EXERCISE PROMPT:
Using the data below, print exactly the line with "Dama Gazelle Gazella", the line with "Daging Oh Daging", and every line between them, but none of the pictures.

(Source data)
================================
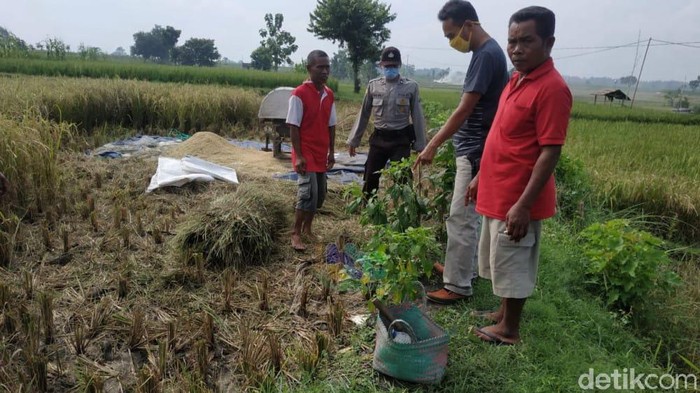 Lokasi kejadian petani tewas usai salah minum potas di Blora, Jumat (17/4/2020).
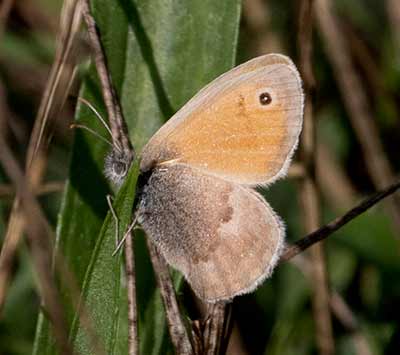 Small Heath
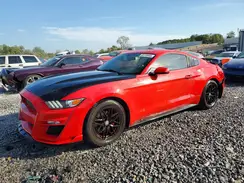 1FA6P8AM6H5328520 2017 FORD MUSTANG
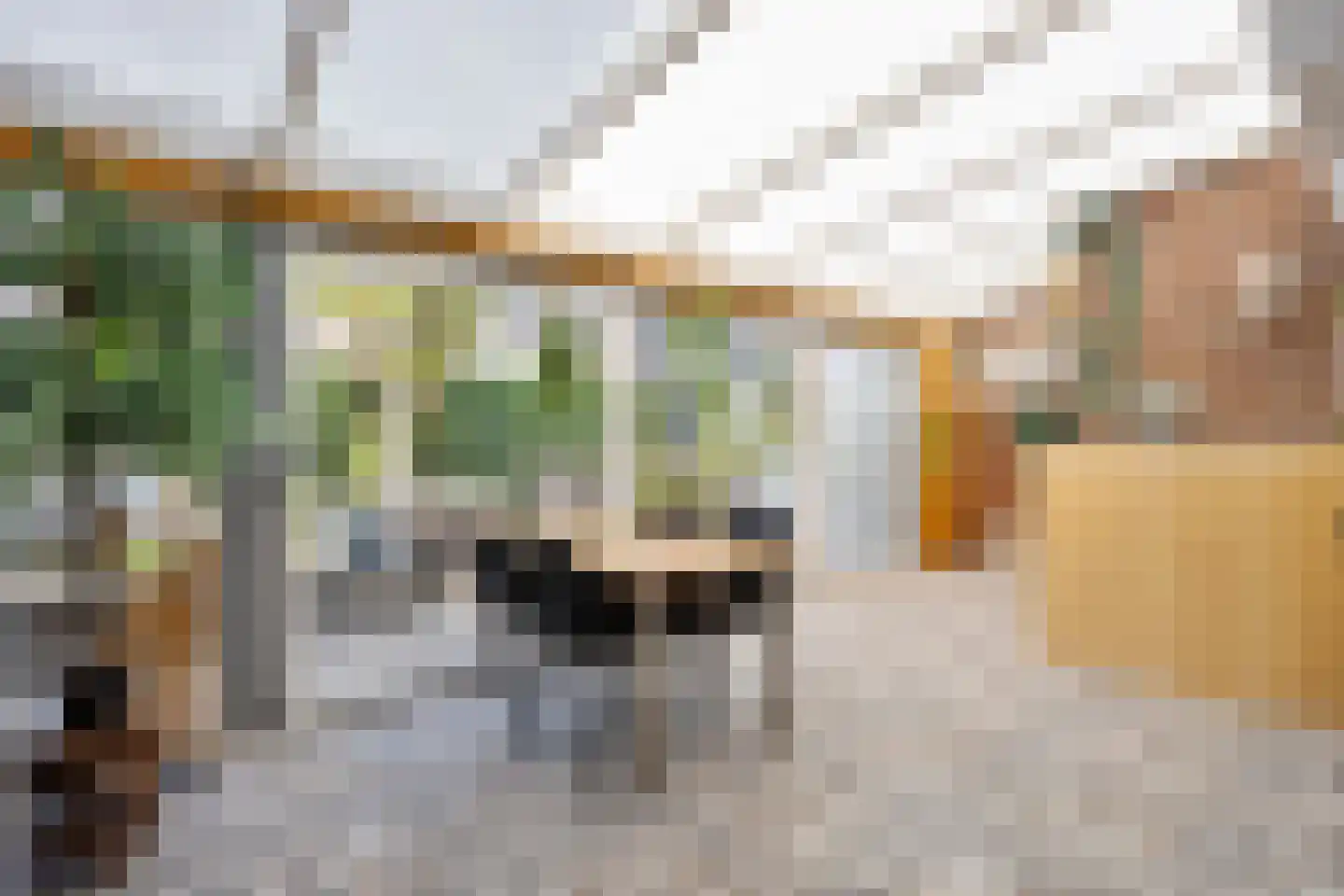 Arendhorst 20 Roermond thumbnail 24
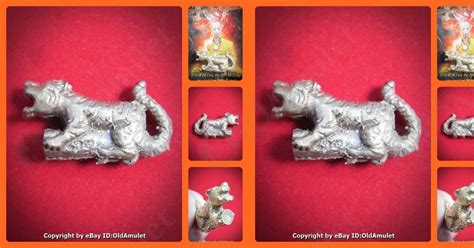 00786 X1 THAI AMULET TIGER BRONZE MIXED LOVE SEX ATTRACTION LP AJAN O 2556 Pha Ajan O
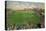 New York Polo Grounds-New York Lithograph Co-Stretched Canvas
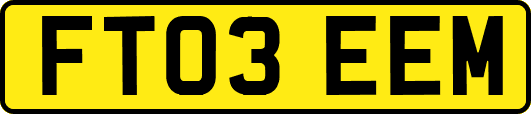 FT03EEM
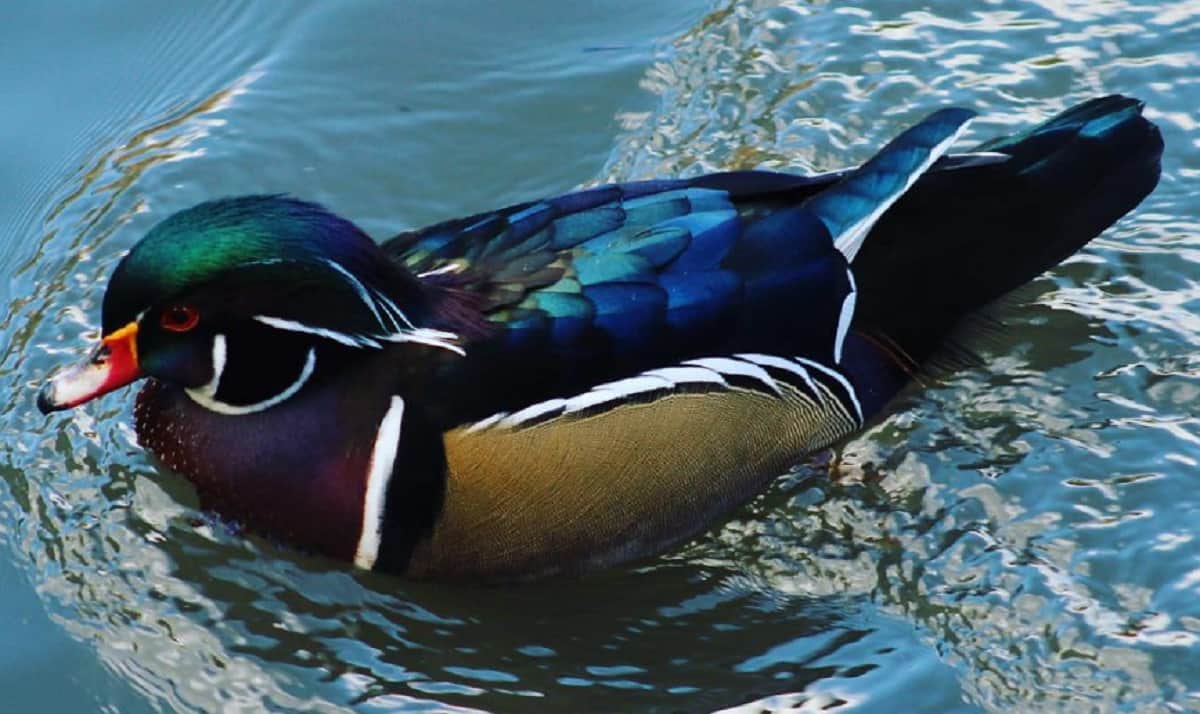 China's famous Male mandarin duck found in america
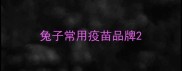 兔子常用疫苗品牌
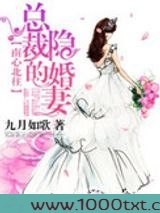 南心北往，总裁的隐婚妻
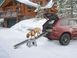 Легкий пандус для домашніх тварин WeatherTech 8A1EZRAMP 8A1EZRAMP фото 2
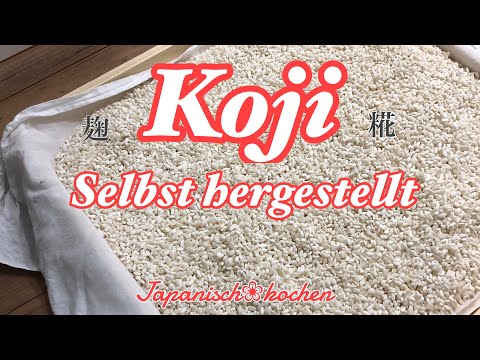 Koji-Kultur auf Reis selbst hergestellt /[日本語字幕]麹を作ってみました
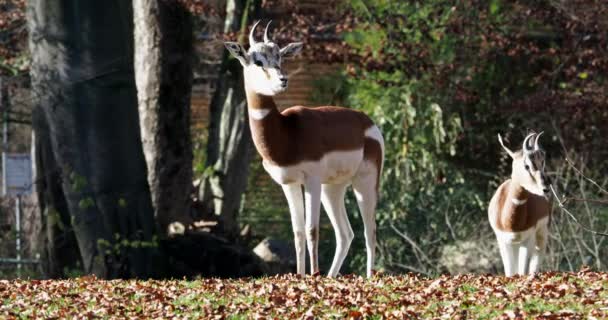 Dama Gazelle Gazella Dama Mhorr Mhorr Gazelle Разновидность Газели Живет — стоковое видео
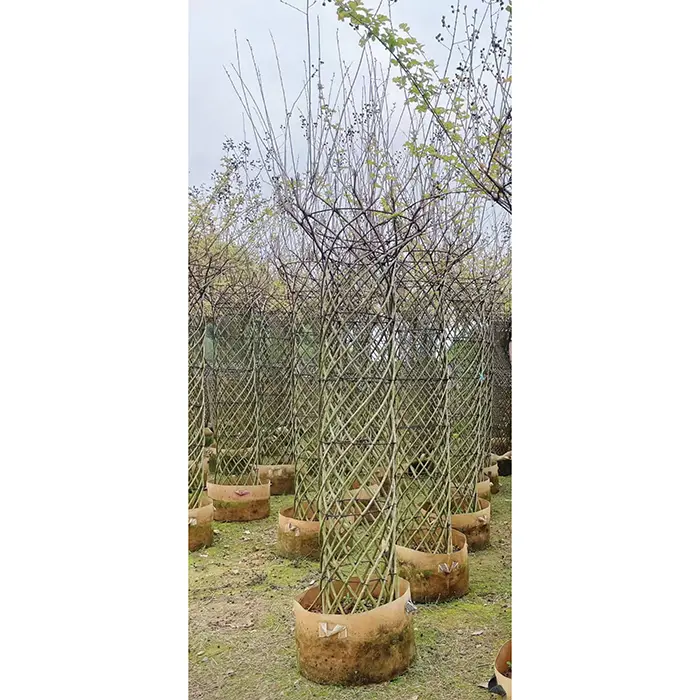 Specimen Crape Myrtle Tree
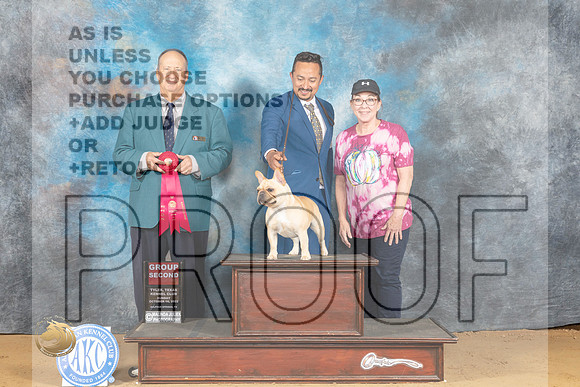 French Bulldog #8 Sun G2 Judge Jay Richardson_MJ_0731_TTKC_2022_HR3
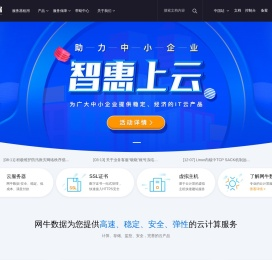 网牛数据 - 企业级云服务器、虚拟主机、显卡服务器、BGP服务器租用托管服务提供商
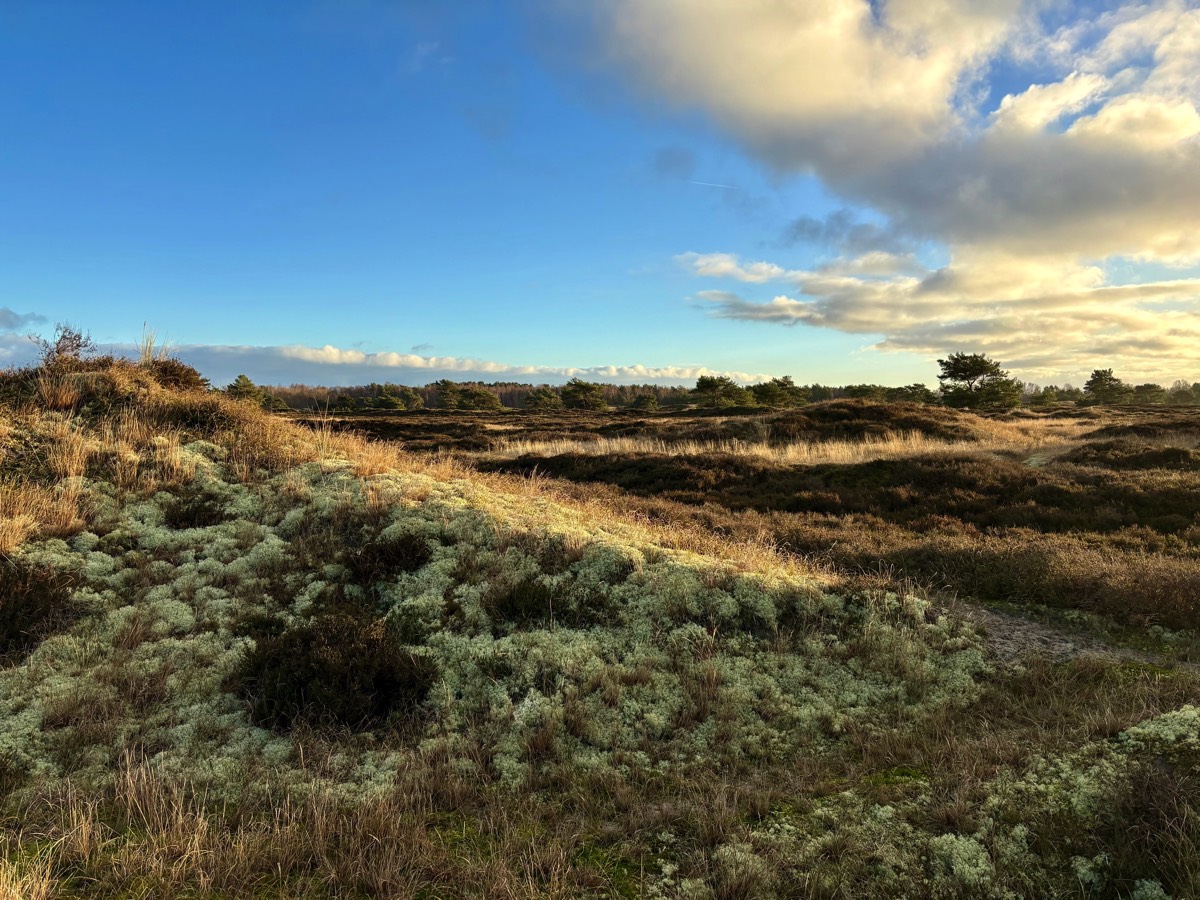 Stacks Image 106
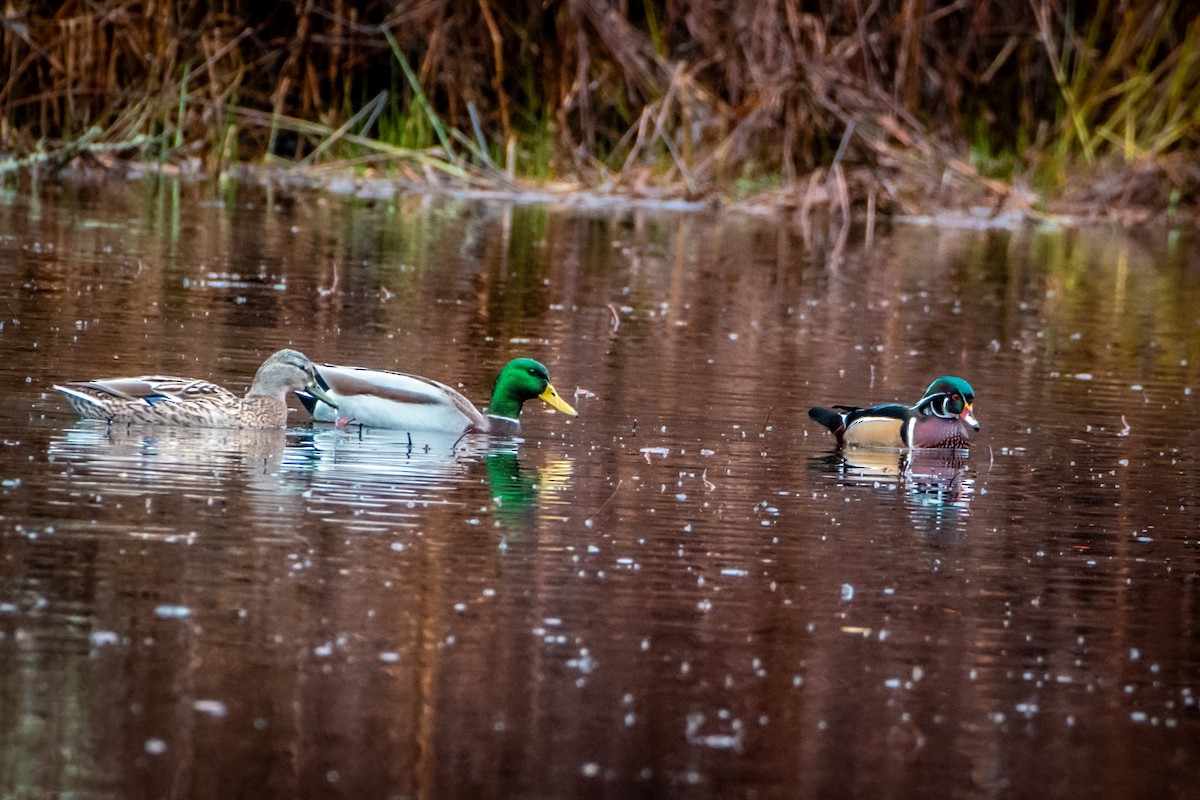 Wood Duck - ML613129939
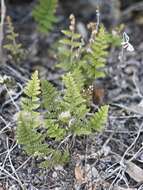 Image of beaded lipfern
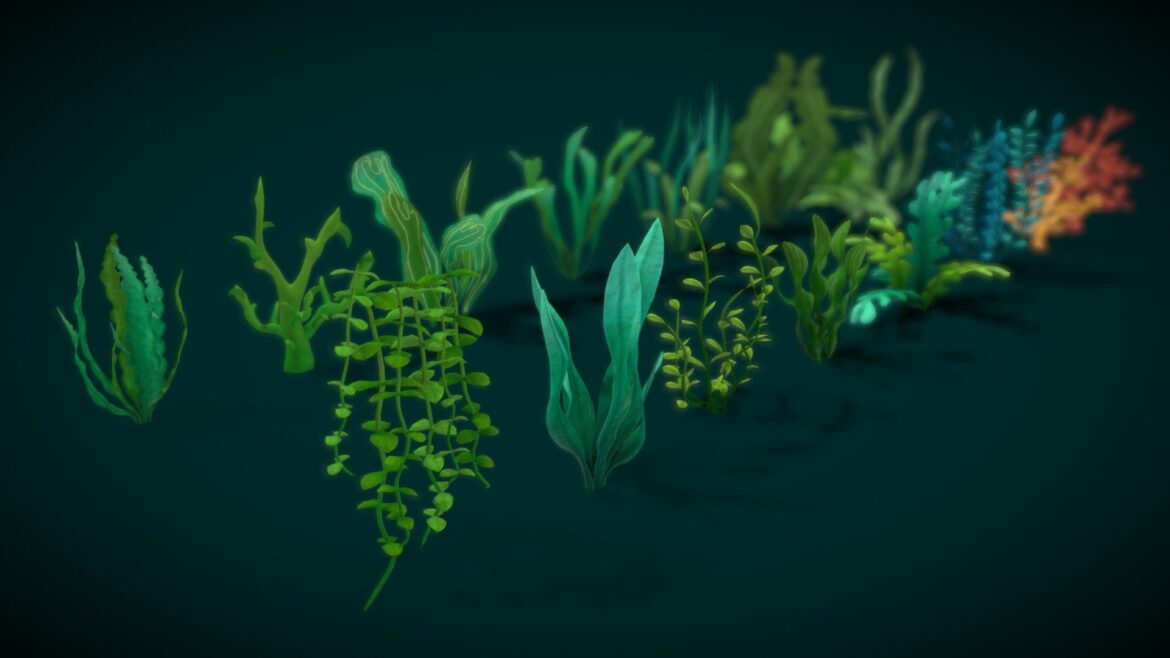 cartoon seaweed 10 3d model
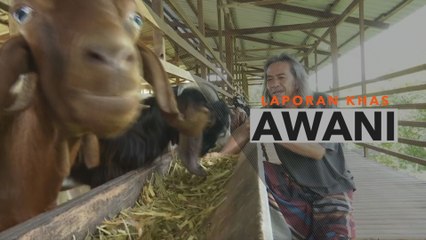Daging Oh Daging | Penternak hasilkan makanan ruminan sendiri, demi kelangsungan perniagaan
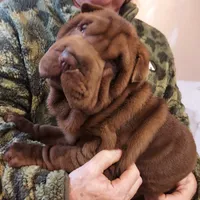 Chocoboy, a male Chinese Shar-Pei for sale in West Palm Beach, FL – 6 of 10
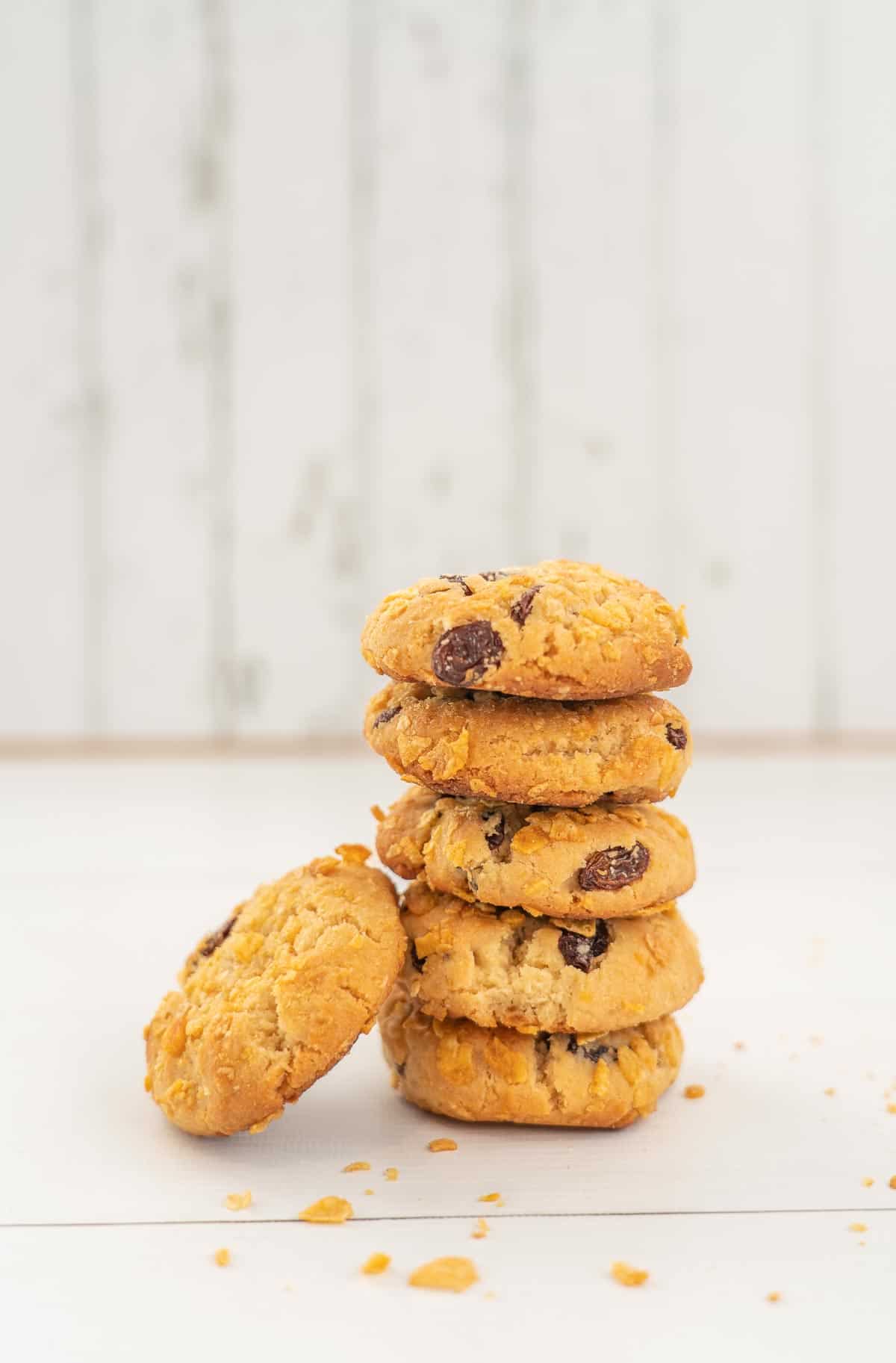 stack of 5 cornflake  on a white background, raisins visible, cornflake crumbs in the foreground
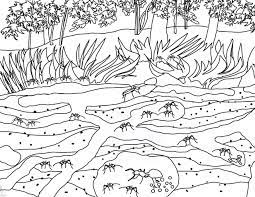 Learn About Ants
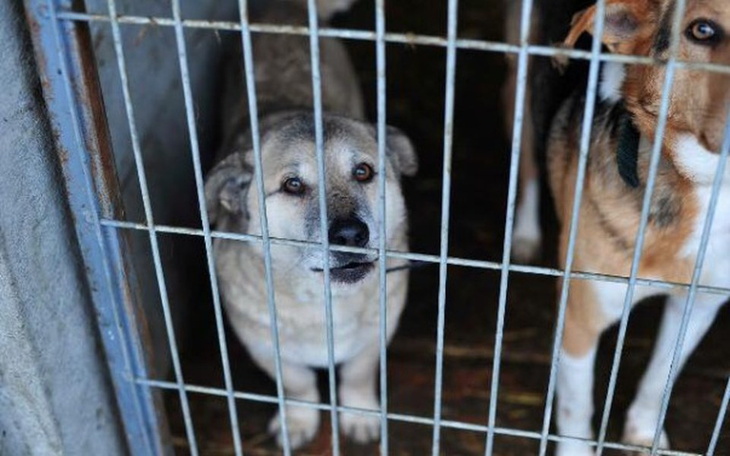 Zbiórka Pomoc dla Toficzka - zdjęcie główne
================================
EXPECTED ANSWER:
 Dama Gazelle Gazella Dama Mhorr Mhorr Gazelle Разновидность Газели Живет — стоковое видео
 Specimen Crape Myrtle Tree
 French Bulldog #8 Sun G2 Judge Jay Richardson_MJ_0731_TTKC_2022_HR3
 网牛数据 - 企业级云服务器、虚拟主机、显卡服务器、BGP服务器租用托管服务提供商
 Stacks Image 106
 Wood Duck - ML613129939
 Image of beaded lipfern
 cartoon seaweed 10 3d model
Daging Oh Daging | Penternak hasilkan makanan ruminan sendiri, demi kelangsungan perniagaan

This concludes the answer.